Fifty metres into the waist-high grass, studded with concrete headstones bald except for Japanese inscriptions, Tom stopped at an elaborate and unusually well-kept grave. It is that of his younger brother, Tosikuzu, who drowned April 3, 1940, aged 26, in 35 fathoms (210 feet) of water.

Somehow, Tosikuzu lost his helmet. He kicked off his boot weights and shoved himself toward the surface. It was too far and he was going up too quickly. His lungs exploded.

Tom was down himself, only 100 metres away. It took him two hours of decompression time to get to the top.

He collected his brother's body and sailed into Thursday Island to bury him.

Tom wept most of the way. Tosikuzu, the youngest of eight sons and two daughters of a poor fishing family, had become a diver with Tom's encouragement, just as Tom himself, aged 19 in 1925, had followed an elder brother to Australia.

When Tom began diving, air was supplied through hand pumps. At 50 fathoms-plus in the Darnley Deeps, it came into the helmet a faint breath at a time. Only the toughest and bravest men worked that deep, an hour on the bottom collecting up to half a ton of shell and then another two coming up.

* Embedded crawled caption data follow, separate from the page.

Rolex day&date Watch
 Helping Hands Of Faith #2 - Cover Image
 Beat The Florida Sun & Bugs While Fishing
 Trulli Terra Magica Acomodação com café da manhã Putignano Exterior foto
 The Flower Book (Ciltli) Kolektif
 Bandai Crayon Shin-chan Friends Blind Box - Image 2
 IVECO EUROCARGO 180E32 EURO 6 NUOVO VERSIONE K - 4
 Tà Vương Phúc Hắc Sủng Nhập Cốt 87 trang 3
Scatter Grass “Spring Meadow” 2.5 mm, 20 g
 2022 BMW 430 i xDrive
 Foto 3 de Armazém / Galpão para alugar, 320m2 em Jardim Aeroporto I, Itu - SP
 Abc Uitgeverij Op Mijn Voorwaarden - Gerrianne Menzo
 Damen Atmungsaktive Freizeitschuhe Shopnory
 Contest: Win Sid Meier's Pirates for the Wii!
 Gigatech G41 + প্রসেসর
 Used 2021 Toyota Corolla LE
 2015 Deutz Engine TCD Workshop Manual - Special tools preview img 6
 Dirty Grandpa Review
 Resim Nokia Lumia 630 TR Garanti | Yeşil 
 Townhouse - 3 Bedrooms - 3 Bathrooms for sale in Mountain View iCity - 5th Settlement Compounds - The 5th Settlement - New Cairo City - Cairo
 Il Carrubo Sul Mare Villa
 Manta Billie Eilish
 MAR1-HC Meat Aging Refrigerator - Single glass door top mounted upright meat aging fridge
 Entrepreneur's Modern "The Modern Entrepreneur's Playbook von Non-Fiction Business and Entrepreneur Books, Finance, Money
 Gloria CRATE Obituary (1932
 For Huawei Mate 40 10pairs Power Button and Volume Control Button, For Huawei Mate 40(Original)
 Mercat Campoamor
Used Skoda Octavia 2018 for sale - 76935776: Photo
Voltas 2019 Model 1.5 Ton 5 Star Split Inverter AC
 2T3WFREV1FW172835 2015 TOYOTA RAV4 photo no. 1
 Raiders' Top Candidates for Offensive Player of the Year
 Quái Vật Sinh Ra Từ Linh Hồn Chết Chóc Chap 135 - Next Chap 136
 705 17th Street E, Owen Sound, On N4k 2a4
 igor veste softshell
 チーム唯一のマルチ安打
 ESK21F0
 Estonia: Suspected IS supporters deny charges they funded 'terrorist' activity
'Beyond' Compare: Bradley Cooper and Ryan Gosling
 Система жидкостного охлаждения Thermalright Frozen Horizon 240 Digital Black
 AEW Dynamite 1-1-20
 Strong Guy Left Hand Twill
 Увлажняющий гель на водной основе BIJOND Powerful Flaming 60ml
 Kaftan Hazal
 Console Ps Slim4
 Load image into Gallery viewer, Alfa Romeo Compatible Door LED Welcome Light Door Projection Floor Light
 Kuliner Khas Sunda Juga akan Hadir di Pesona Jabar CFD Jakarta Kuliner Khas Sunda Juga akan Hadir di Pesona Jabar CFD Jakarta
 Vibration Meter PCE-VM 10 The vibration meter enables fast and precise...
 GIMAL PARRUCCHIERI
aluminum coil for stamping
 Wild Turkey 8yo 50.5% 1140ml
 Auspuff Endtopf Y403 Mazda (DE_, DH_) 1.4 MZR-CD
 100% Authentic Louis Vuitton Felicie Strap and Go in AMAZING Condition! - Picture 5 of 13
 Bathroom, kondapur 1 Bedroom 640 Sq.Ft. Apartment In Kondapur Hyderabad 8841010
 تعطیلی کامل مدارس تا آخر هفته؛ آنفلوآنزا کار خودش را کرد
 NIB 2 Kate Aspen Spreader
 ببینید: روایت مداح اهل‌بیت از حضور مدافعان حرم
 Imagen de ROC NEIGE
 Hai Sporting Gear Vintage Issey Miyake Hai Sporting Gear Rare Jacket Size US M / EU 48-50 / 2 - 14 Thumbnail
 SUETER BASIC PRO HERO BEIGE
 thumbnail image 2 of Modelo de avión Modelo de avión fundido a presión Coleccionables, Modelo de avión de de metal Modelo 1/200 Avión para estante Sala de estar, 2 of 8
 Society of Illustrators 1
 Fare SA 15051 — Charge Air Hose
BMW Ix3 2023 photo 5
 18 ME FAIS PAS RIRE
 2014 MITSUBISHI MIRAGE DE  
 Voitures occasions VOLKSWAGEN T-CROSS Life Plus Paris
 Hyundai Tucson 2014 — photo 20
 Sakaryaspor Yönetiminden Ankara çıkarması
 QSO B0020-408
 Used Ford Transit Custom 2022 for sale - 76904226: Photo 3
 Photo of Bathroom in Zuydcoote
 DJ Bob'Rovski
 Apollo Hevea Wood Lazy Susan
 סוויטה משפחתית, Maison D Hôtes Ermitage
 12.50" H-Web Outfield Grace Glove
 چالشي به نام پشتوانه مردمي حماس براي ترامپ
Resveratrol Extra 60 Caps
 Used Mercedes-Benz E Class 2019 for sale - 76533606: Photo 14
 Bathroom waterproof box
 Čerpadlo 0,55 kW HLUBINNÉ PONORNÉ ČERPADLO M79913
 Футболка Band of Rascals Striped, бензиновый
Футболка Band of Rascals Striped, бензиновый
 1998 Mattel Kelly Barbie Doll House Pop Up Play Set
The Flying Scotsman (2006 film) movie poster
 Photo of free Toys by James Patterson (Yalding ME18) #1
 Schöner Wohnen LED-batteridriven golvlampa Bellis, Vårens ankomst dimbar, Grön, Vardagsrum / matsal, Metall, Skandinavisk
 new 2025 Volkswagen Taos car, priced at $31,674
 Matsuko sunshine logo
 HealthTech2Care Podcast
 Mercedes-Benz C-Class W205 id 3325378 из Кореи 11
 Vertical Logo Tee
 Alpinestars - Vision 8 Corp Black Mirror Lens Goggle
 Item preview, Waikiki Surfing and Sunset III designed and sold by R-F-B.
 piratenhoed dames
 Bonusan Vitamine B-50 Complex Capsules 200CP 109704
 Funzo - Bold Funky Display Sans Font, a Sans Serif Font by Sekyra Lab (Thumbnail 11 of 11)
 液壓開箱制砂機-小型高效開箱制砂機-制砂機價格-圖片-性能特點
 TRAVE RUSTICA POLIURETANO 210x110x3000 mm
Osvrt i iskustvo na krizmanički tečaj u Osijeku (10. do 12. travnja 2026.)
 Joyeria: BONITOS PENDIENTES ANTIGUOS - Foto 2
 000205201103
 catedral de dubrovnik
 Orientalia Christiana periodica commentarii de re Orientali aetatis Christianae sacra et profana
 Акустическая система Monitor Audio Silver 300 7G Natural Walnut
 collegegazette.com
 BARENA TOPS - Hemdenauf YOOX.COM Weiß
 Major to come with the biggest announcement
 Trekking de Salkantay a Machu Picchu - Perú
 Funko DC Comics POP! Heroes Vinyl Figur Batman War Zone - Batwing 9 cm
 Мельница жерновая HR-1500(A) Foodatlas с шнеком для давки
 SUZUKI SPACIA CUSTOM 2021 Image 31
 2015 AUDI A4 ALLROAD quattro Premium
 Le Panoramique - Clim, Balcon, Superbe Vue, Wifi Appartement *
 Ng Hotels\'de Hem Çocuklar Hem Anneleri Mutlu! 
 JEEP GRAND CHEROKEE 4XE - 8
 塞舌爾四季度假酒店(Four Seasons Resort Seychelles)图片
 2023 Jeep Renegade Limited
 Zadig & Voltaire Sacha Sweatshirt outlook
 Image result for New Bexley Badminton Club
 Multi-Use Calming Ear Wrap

"Some of the skippers were too greedy," Tom said. "They didn't like their divers taking so long about coming up, so they hauled them in too quickly. Usually, it killed you."

Two hundred luggers were working out of Thursday Island, all of them with Japanese crews and divers. A week seldom passed without a lugger returning with a body. Many of them were buried with scant attention to identity. Some inscriptions read simply "George, Japan."

There were innumerable ways a diver could die. Three times coral sliced through Tom's air hose. Each time, he was in about only 11 fathoms and was hauled immediately to the top, his helmet flooding as Tom forced his head backwards, his nose and mouth barely above water, and sucked from a small air pocket trapped at the helmet top.

"A lot of divers died that way," Tom said. "The deck crews simply just didn't get them up before the air pocket ran out."

With the outbfreak of war against Japan, Tom was shipped off to an internment camp at Hay in south-western NSW. He dug market gardens until 1945, when he was allowed to return to his islander wife Josephine, whom he married in 1928. Today they have four children and seven grandchildren.

Tom dived until 1951, when he joined a Japanese-Australian firm culturing pearls. Just before he retired in 1973, Tom borrowed $10,000 and built himself the $80,000 Rainbow Motel on Thursday Island.

It is run by his daughter Geraldine. Tom, who became an Australian citizen in 1961, says: "I just sit back and watch the sea." He's earned it.